My Database Professor told us to use:
SELECT A.a1, B.b1 FROM A, B WHERE A.a2 = B.b2;
Rather than:
SELECT A.a1, B.b1 FROM A INNER JOIN B ON A.a2 = B.b2;
Supposedly Oracle don't likes JOIN-Syntaxes, because these JOIN-syntaxes are harder to optimize than the WHERE restriction of the Cartesian Product.
I can't imagine why this should be the case. The only Performance issue could be that the parser Needs to parse a few characters more. But that is negligible in my eyes.
I found this Stack Overflow Questions:
Is there an Oracle official recommendation on the use of explicit ANSI JOINs vs implicit joins?
Explicit vs implicit SQL joins
And this sentence in a Oracle Documentation: https://docs.oracle.com/cd/B19306_01/server.102/b14200/queries006.htm
Oracle recommends that you use the FROM clause OUTER JOIN syntax rather than the Oracle join operator.
Can someone give me up-to-date recommendations from Oracle with link. Because she don't acknowledges StackOverflow (here can answer everyone) and the 10g Documentation is outdated in here eyes.
If i am wrong and Oracle realy don't likes JOINS now than thats also ok, but i don't find articles. I just want to know who is Right.
Thanks a lot to everyone who can help me!
Your professor should speak with Gordon Linoff, who is a computer science professor at Columbia University. Gordon, and most SQL enthusiasts on this site, will almost always tell you to use explicit join syntax. The reasons for this are many, including (but not limited to):
Explicit joins make it easy to see what the actual join logic is. Implicit joins, on the other hand, obfuscate the join logic, by spreading it out across both the FROM and WHERE clauses.
The ANSI 92 standard recommends using modern explicit joins, and in fact deprecated the implicit join which your professor seems to be pushing
Regarding performance, as far as I know, both versions of the query you wrote would be optimized to the same thing under the hood. You can always check the execution plans of both, but I doubt you would see a significant difference very often.
An average sql query you will encounter in real business has 7-8 joins with 12-16 join conditions. One every 10 or 20 queries may involve nested joins or other more advanced cases.
Explicit join syntax is simply far easier to maintain, debug and develop. And those factors are critical for business software - the faster and safer the better.
Implicit join are somewhat easier to code if you create statements dynamically through application code. Perhaps there are other uses that i am unaware.
As with many non-trivial things there is no simple yes / no answer.
The first thing is, for trivial queries (as yours example in the question) it doesn’t matter which syntax you use.
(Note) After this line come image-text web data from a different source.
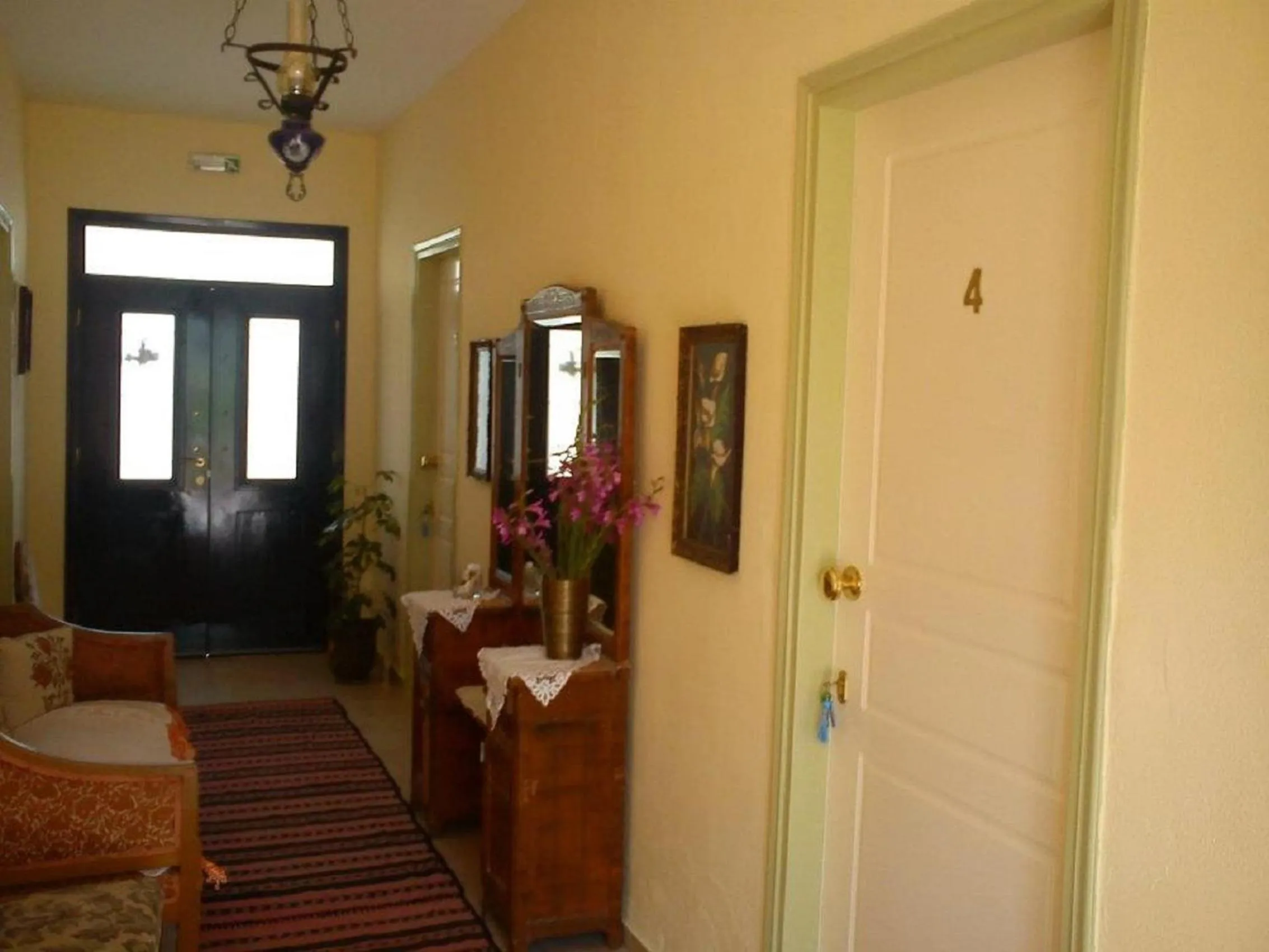 Decorative detail in Hariklia Rent Rooms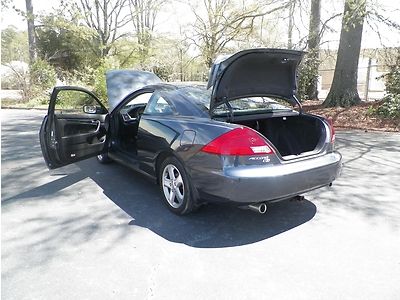 Two Door Honda Accord with leather CD Heated Seats cold ac, image 11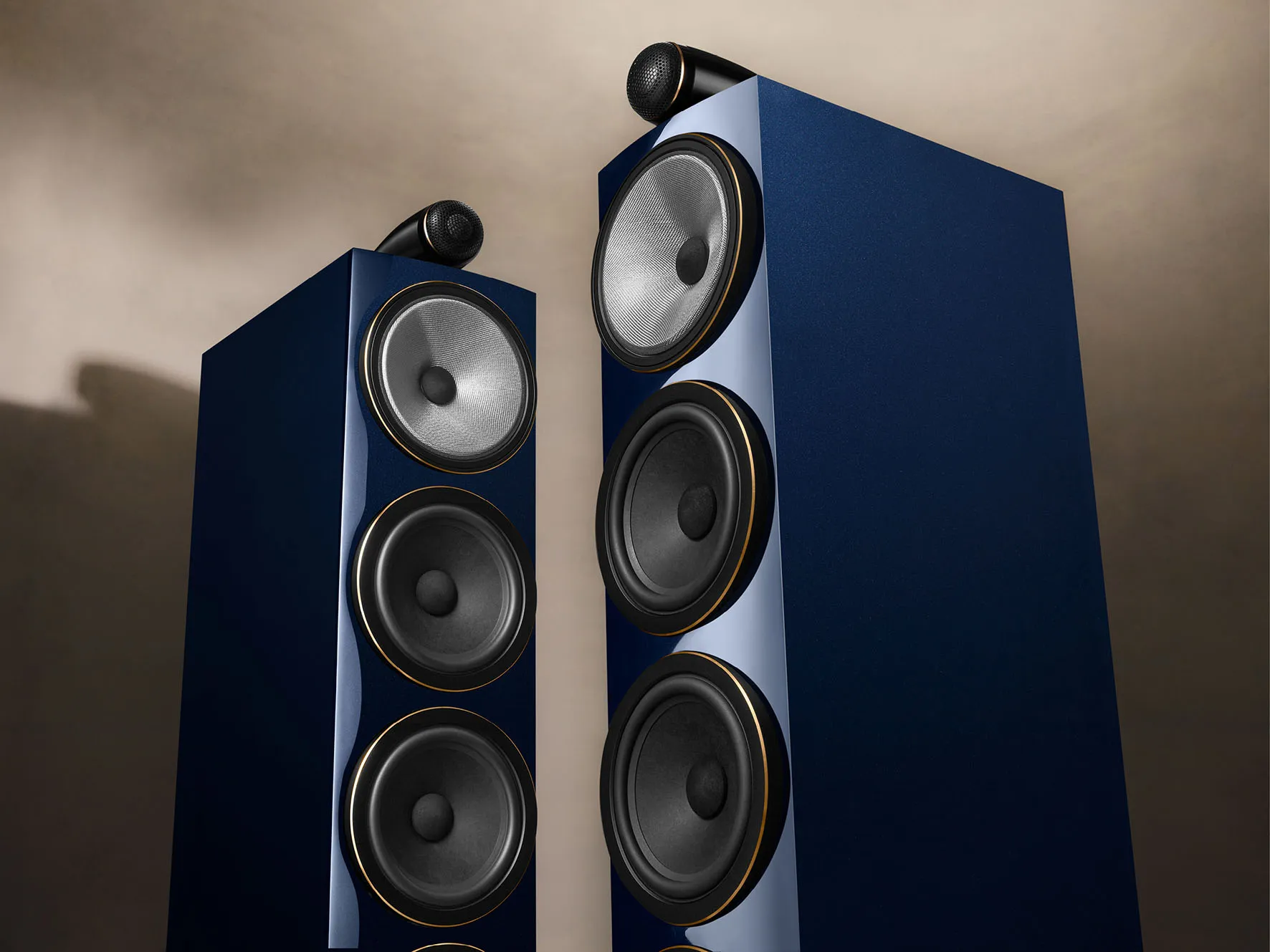 Bowers & Wilkins 702 S3 Signature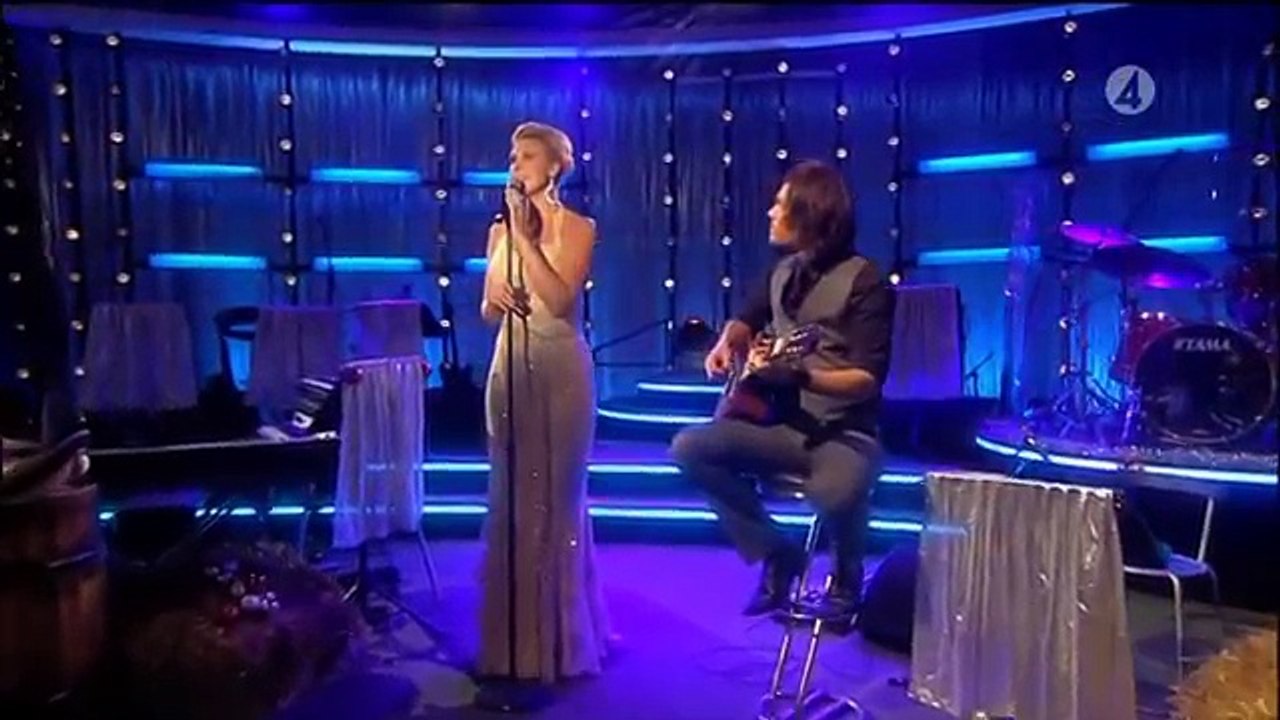 Sanna Nielsen: "Jul, jul, strålande jul" (Sweden, 2012)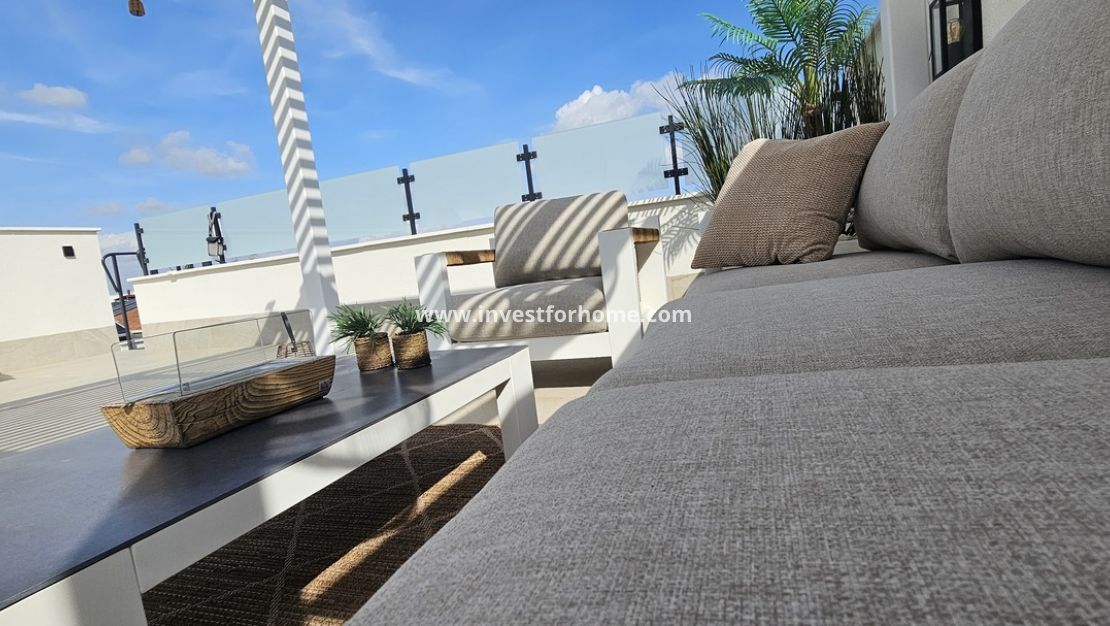 Vente - Villa - Dolores - Sector 4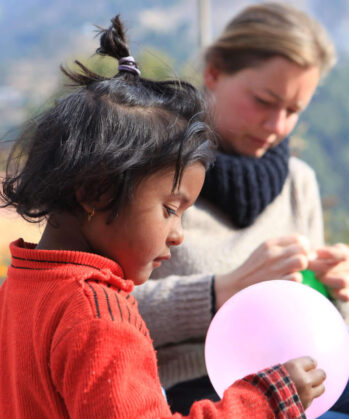 Kind spielt mit einem Luftballon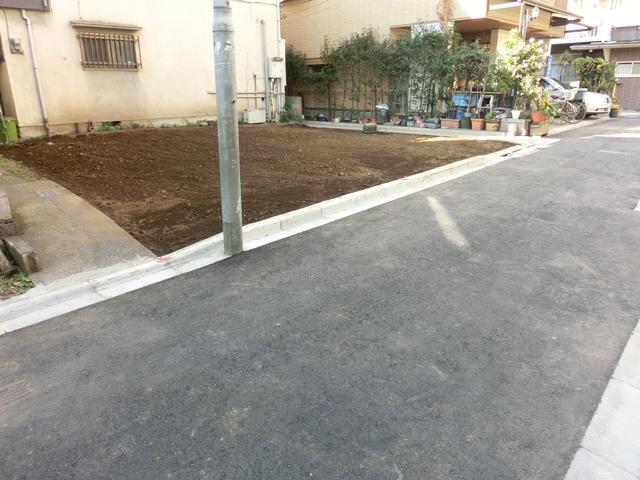 Local photos, including front road. Local (11 May 2013), shooting a three-way is a sense of loss that the passage or road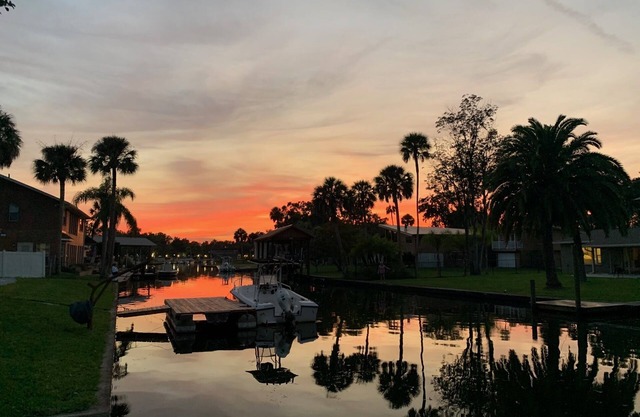 Crystal River Waterfront Island Oasis with 2 docks!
The classic syntax is even more compact for simple queries.
First for non-trivial queries (say more than five joins) you will learn the benefits of the ANSI syntax. The main benefit is that the join predicates are separated and divided from the WHERE condition.
Simple example – this is a complete valid query in the pre-ANSI syntax
SELECT A.a1, B.b1
FROM A, B
WHERE A.a1 = B.b1 and
A.a1 = B.b1(+);
Is it inner or outer join? Furthermore if this construct is scattered in a predicate with 10 other join condition in the WHERE clause, it is even very easy to misread it.
Anyway, it would be very naïve to assume that those two syntax options are only a syntax sugar and that the resulting execution plan is for all queries, any data and all Oracle versions identical.
Yes, and there were times (about Oracle 10) you should be careful. But in times of 12 and 18 versions I do not see a reason to be defensive and I'm convinced it is safe to use the ANSI syntax from the above reason of better overview and readability.
Final remark for your professor: if you get in the position of optimizing the WHERE restriction of the Cartesian Product you typically encounters a performance problem. Make a thought experiment with a Cartesian Product of four tables with 1.000 rows each…
There are rare occasions when the optimiser suffers from a bug when using the explicit JOIN syntax as opposed to the implicit one. For example, I once could not achieve to profit from a join elimination optimisation in Oracle 12c when using explicit joins, whereas the join was properly eliminated with the implicit join syntax. When working with views querying views querying views, lack of join elimination can indeed cause performance issues. I've explained the concept of join elimination in a blog post, here.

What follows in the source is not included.